[Saved entries]
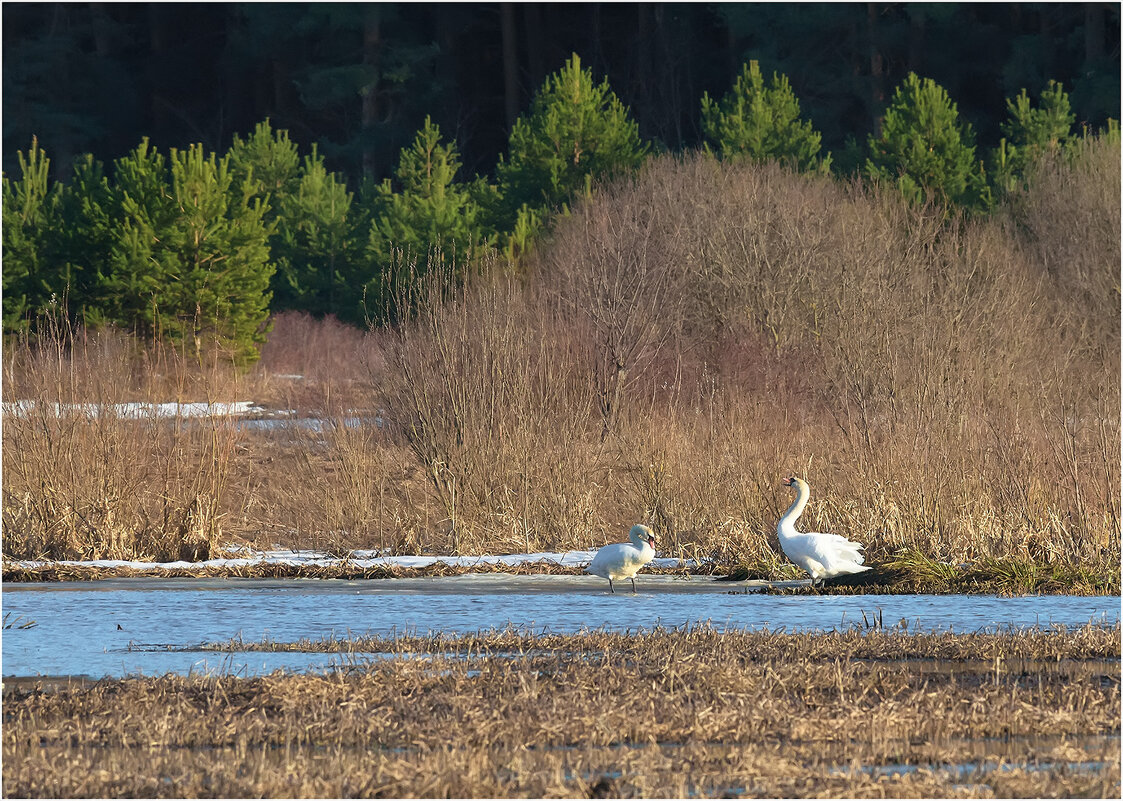 Отдых на солнышке - Валентин Котляров
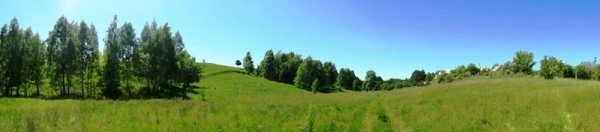 Land for sale for residential construction. Podhortsy, Krenychy. 
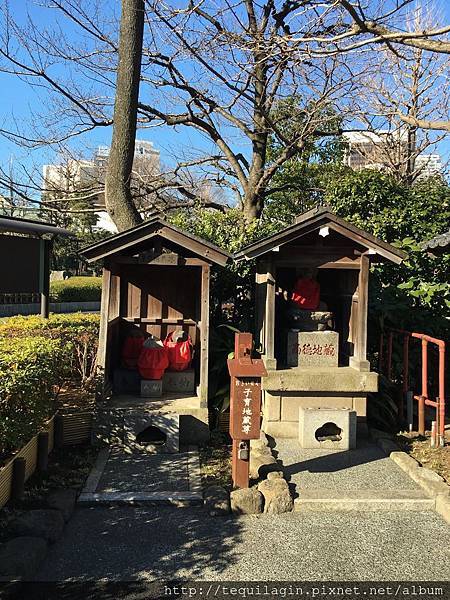 IMG_8079.jpg IMG_8079.jpg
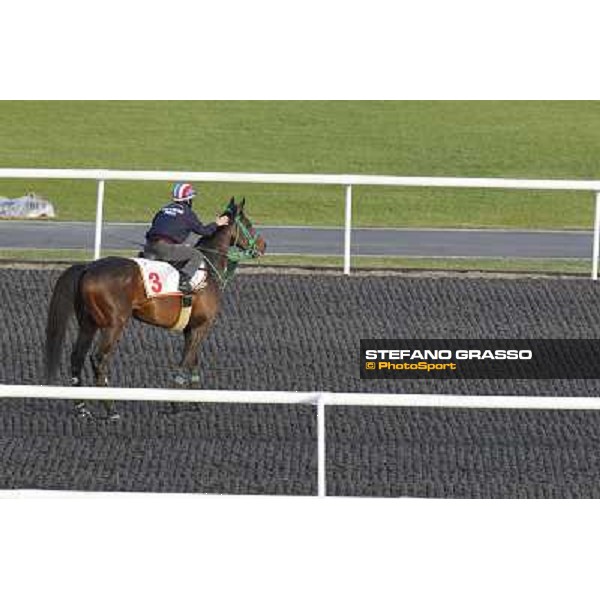 Morning track works at Meydan - Mirco Demuro gives a caress to Victoire Pisa after morning track works Dubai - Meydan 24th march 2011 ph.Stefano Grasso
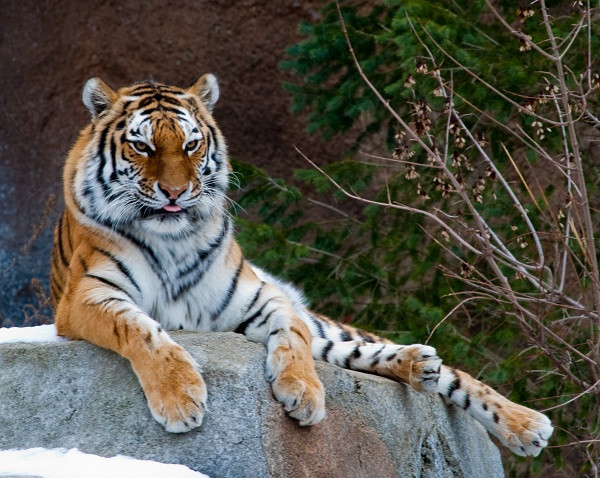 10 sự thật gây sốc về “chuyện yêu đương” của các loài động vật - Hình 11 10 su that gay soc ve “chuyen yeu duong” cua cac loai dong vat-Hinh-11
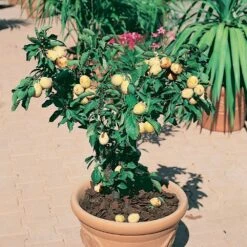 Prunier Nain GOLDUST ® Courod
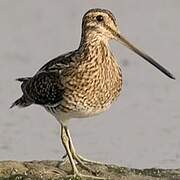 Common Snipe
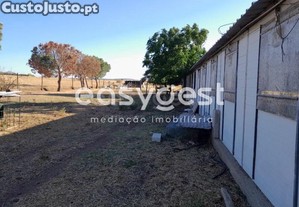 Terreno E Exploração Pecuária, Com...
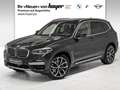 BMW X3 xDrive30d xLine Head-Up HiFi LED RFK PDC Grau - thumbnail 1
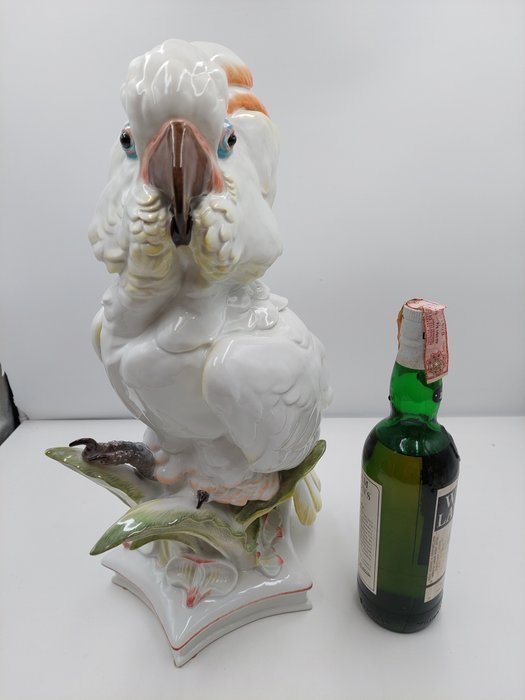 Image 1 of Meissen - Paul Walther - Statue, Cockatoo - 47 cm - Porcelain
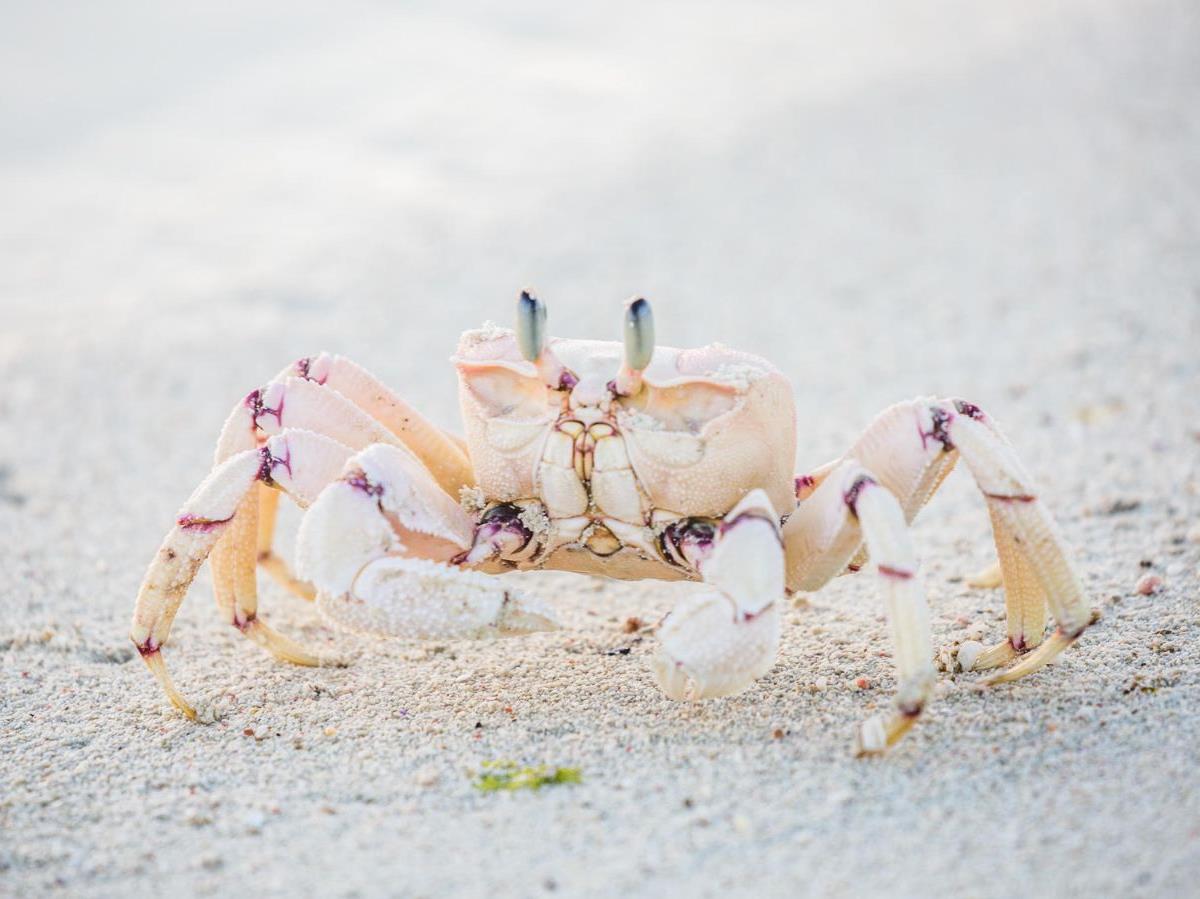 Crab on the grounds of Fanjove Island in the Songo Songo archipelago in Tanzania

## [Work instructions]
Nothing but the lines from the one containing "Prunier Nain GOLDUST ® Courod" through the final line of the entries above should be given again, each exactly as written; omit the pictures.

## [Expected output]
 Prunier Nain GOLDUST ® Courod
 Common Snipe
 Terreno E Exploração Pecuária, Com...
 BMW X3 xDrive30d xLine Head-Up HiFi LED RFK PDC Grau - thumbnail 1
 Image 1 of Meissen - Paul Walther - Statue, Cockatoo - 47 cm - Porcelain
 Crab on the grounds of Fanjove Island in the Songo Songo archipelago in Tanzania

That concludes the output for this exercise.